Workshop on Responsibly Enabling Data for Foundation Models @ COLM 2026

About the Workshop

As foundation models scale, available training data sources have rapidly depleted. However, several forms of valuable data artifacts such as medical records, legal, and financial documents are restricted from use in model training due to their sensitive nature. In addition, the strong reasoning capabilities in current generative models have opened the possibility for highly personalizable AI applications but these remain bottlenecked by limited access to high quality user data. Hence, it is of immense value to responsibly unlock these data sources (for example: using data transformation or constrained training paradigms) or to generate synthetic alternatives. In this workshop, we aim to bring together domain experts in data, privacy, model training, and legal policy, to advance the frontier of responsibly leveraging such sensitive data with foundation models.

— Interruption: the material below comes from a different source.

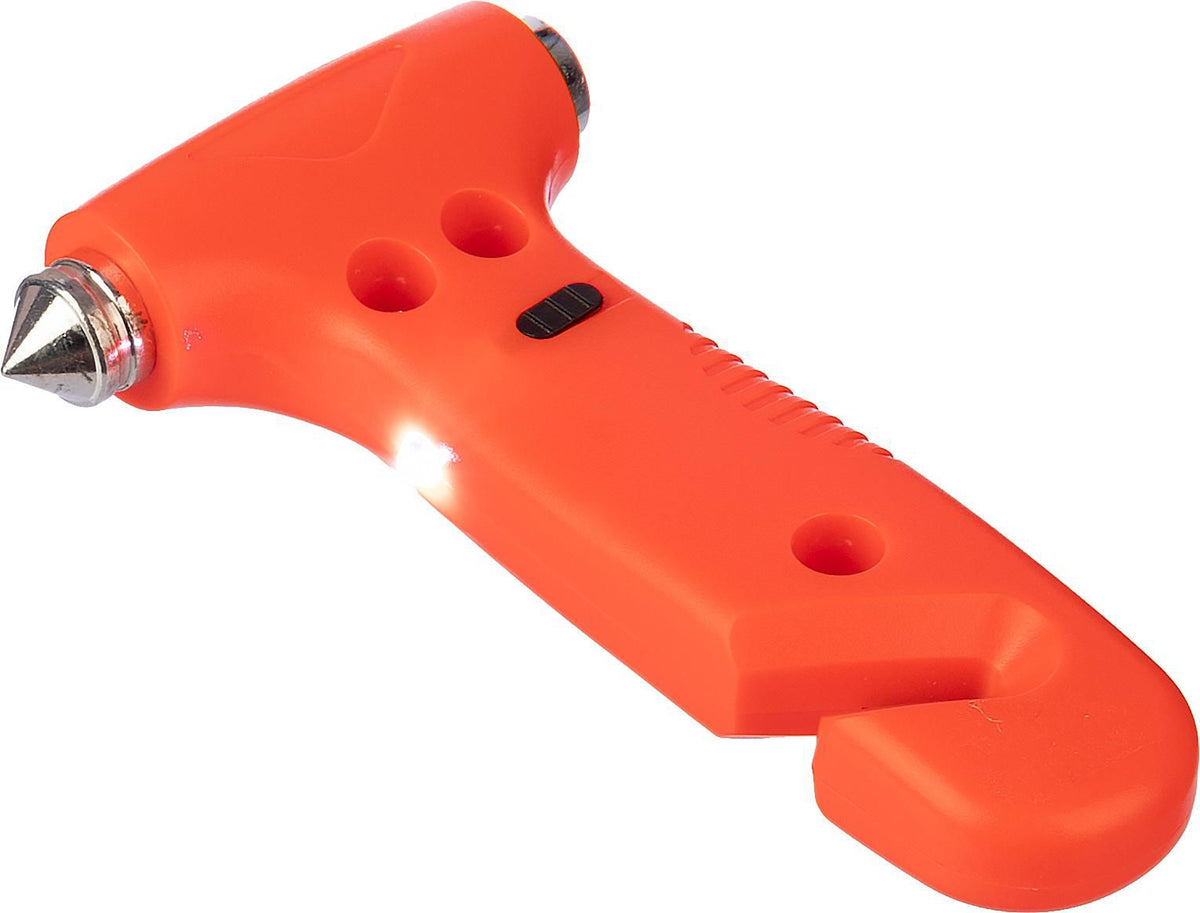 Emergency hammer Erika | LED light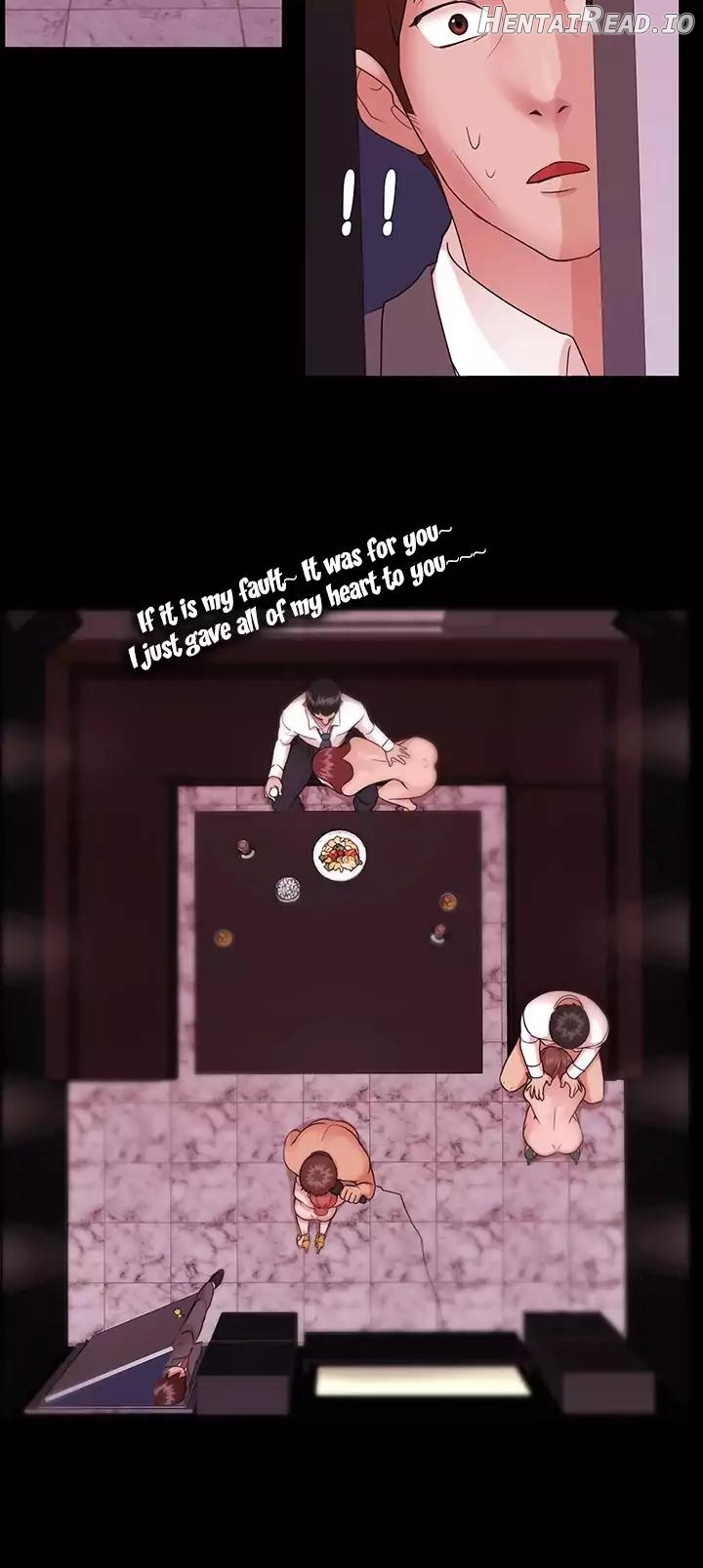 Loser Chapter 1 - page 138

Topics of interest include (but are not limited to):

Data Transformation: De-identification, Anonymization, Pseudonymization.
Synthetic Data Generation: Controlled Regeneration, Data Diversity.
Novel Training Paradigms: DP, Federated Learning, Architectural Solutions.
Evaluation & Auditing: Privacy attack benchmarks, Utility-Privacy tradeoffs.
Policy: Compliance, New regulations on data sharing.

Call for Papers

We invite long papers with novel research contributions (up to 8 pages long) as well as short papers (up to 4 pages) reflecting preliminary studies or negative results.

Submissions are managed via OpenReview. Accepted papers are non-archival, and concurrent submissions are allowed. Please follow the COLM 2026 template.